First of all we need to isolate each collection of values in two separate RDDs. For that we will use distinct on the CSV-parsed dataset. From the dataset description we know that protocol is the second column and service is the third (tag is the last one and not the first as appears in the page).


**dataset description:**
```json
back,buffer_overflow,ftp_write,guess_passwd,imap,ipsweep,land,loadmodule,multihop,neptune,nmap,normal,perl,phf,pod,portsweep,rootkit,satan,smurf,spy,teardrop,warezclient,warezmaster.
duration: continuous.
protocol_type: symbolic.
service: symbolic.
flag: symbolic.
src_bytes: continuous.
dst_bytes: continuous.
land: symbolic.
wrong_fragment: continuous.
urgent: continuous.
hot: continuous.
num_failed_logins: continuous.
logged_in: symbolic.
num_compromised: continuous.
root_shell: continuous.
su_attempted: continuous.
num_root: continuous.
num_file_creations: continuous.
num_shells: continuous.
num_access_files: continuous.
num_outbound_cmds: continuous.
is_host_login: symbolic.
is_guest_login: symbolic.
count: continuous.
srv_count: continuous.
serror_rate: continuous.
srv_serror_rate: continuous.
rerror_rate: continuous.
srv_rerror_rate: continuous.
same_srv_rate: continuous.
diff_srv_rate: continuous.
srv_diff_host_rate: continuous.
dst_host_count: continuous.
dst_host_srv_count: continuous.
dst_host_same_srv_rate: continuous.
dst_host_diff_srv_rate: continuous.
dst_host_same_src_port_rate: continuous.
dst_host_srv_diff_host_rate: continuous.
dst_host_serror_rate: continuous.
dst_host_srv_serror_rate: continuous.
dst_host_rerror_rate: continuous.
dst_host_srv_rerror_rate: continuous.
```

In [10]:
# Get the protocols
csv_data = raw_data.map(lambda x: x.split(","))
protocols = csv_data.map(lambda x: x[1]).distinct()
protocols.collect()

[u'udp', u'icmp', u'tcp']

In [11]:
# Get Services
services = csv_data.map(lambda x: x[2]).distinct()
services.collect()

[u'urp_i',
 u'http_443',
 u'Z39_50',
 u'smtp',
 u'domain',
 u'private',
 u'echo',
 u'time',
 u'shell',
 u'red_i',
 u'eco_i',
 u'sunrpc',
 u'ftp_data',
 u'urh_i',
 u'pm_dump',
 u'pop_3',
 u'pop_2',
 u'systat',
 u'ftp',
 u'uucp',
 u'whois',
 u'harvest',
 u'netbios_dgm',
 u'efs',
 u'remote_job',
 u'daytime',
 u'ntp_u',
 u'finger',
 u'ldap',
 u'netbios_ns',
 u'kshell',
 u'iso_tsap',
 u'ecr_i',
 u'nntp',
 u'http_2784',
 u'printer',
 u'domain_u',
 u'uucp_path',
 u'courier',
 u'exec',
 u'aol',
 u'netstat',
 u'telnet',
 u'gopher',
 u'rje',
 u'sql_net',
 u'link',
 u'ssh',
 u'netbios_ssn',
 u'csnet_ns',
 u'X11',
 u'IRC',
 u'tftp_u',
 u'login',
 u'supdup',
 u'name',
 u'nnsp',
 u'mtp',
 u'http',
 u'bgp',
 u'ctf',
 u'hostnames',
 u'klogin',
 u'vmnet',
 u'tim_i',
 u'discard',
 u'imap4',
 u'auth',
 u'other',
 u'http_8001']

Now we can do the cartesian product.

In [12]:
product = protocols.cartesian(services).collect()
print "There are {} combinations of protocol X service".format(len(product))

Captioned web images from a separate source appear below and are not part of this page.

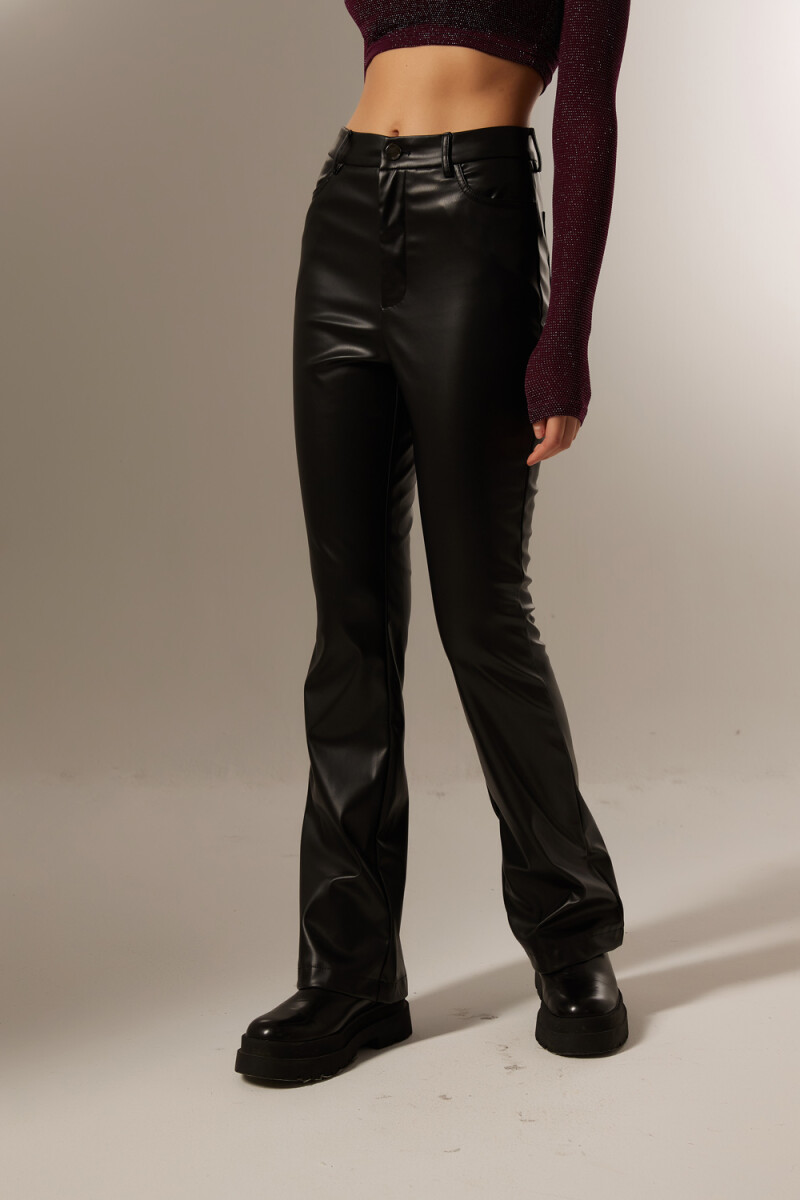 Pantalon Ticato - Negro 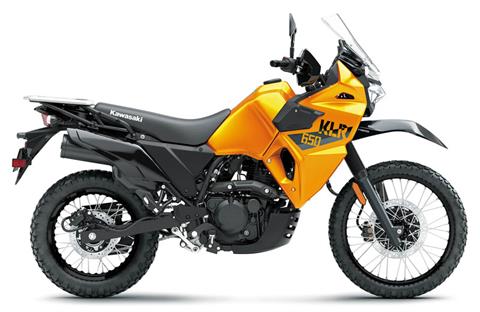 KLR650 ABS, 2026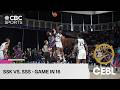 CEBL: Saskatoon Mamba vs. Scarborough Shooting Stars - Condensed full game | #CBCSports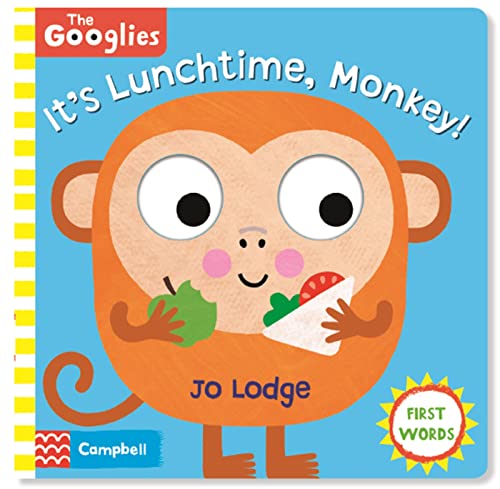 Its Lunchtime, Monkey!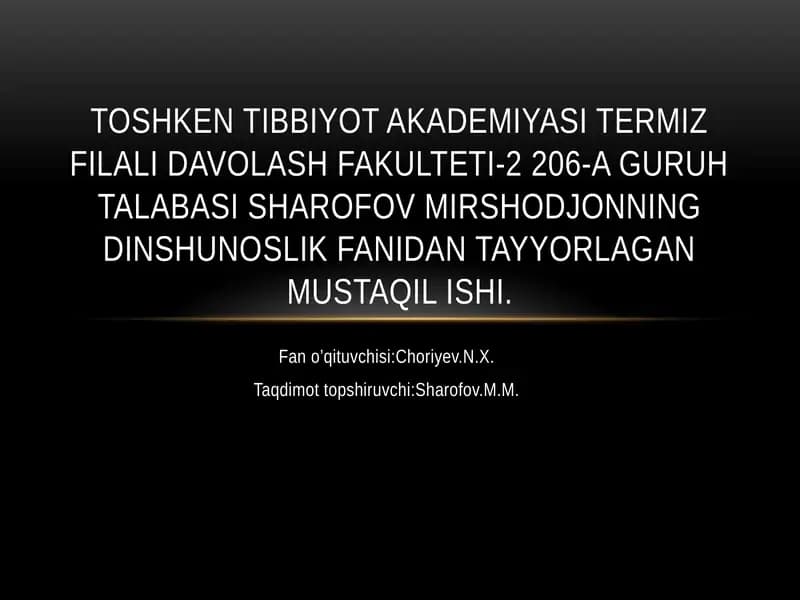 Qohira deklaratsiyasi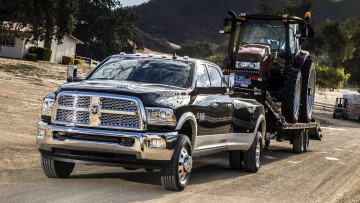 обоя dodge, ram, автомобили, коммерческие, легковые, chrysler, group, llc, сша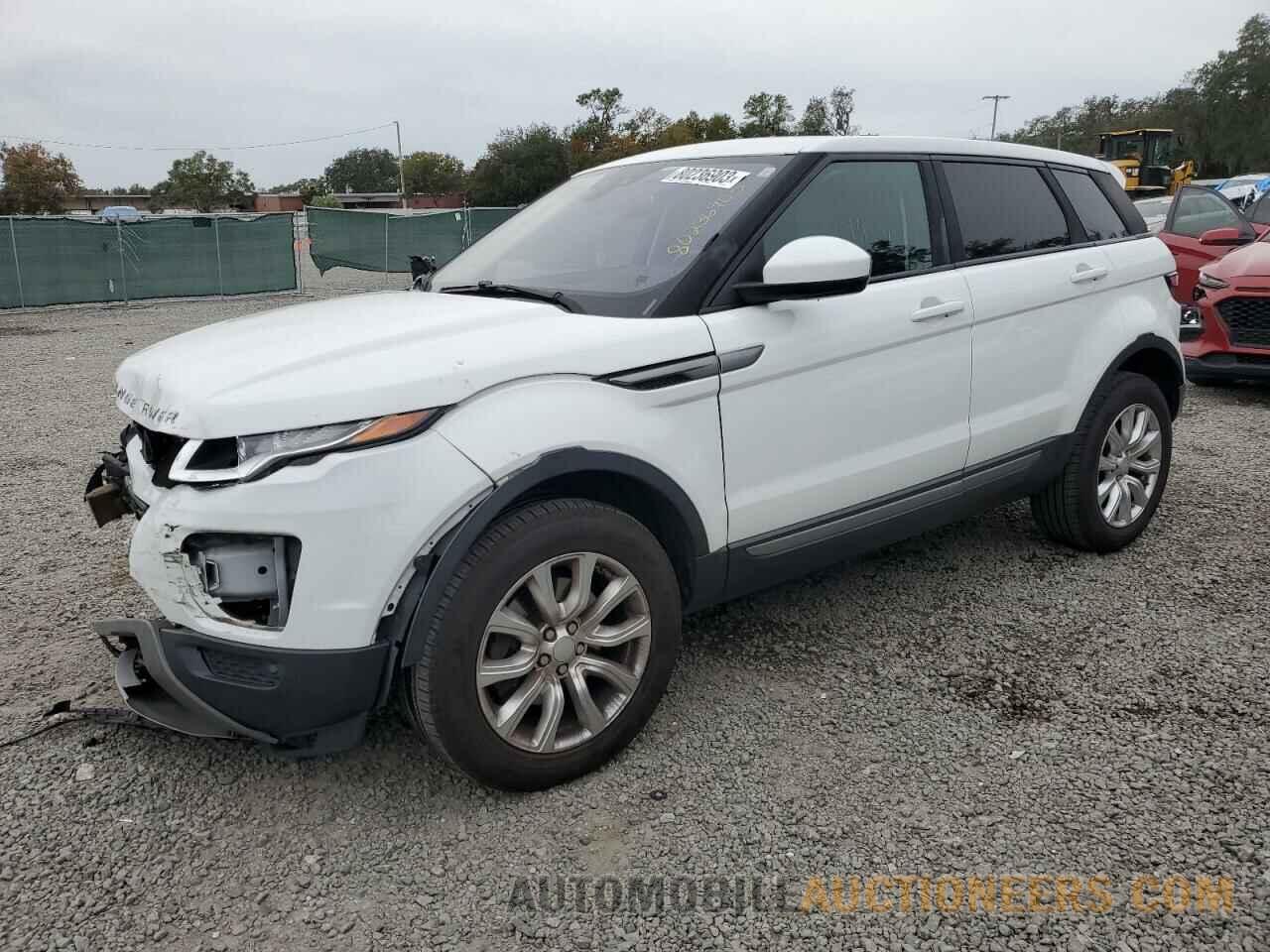 SALVP2RX6JH293413 LAND ROVER RANGEROVER 2018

There are 210 combinations of protocol X service


Obviously, for such small RDDs doesn't really make sense to use Spark cartesian product. We could have perfectly collected the values after using distinct and do the cartesian product locally. Moreover, distinct and cartesian are expensive operations so they must be used with care when the operating datasets are large.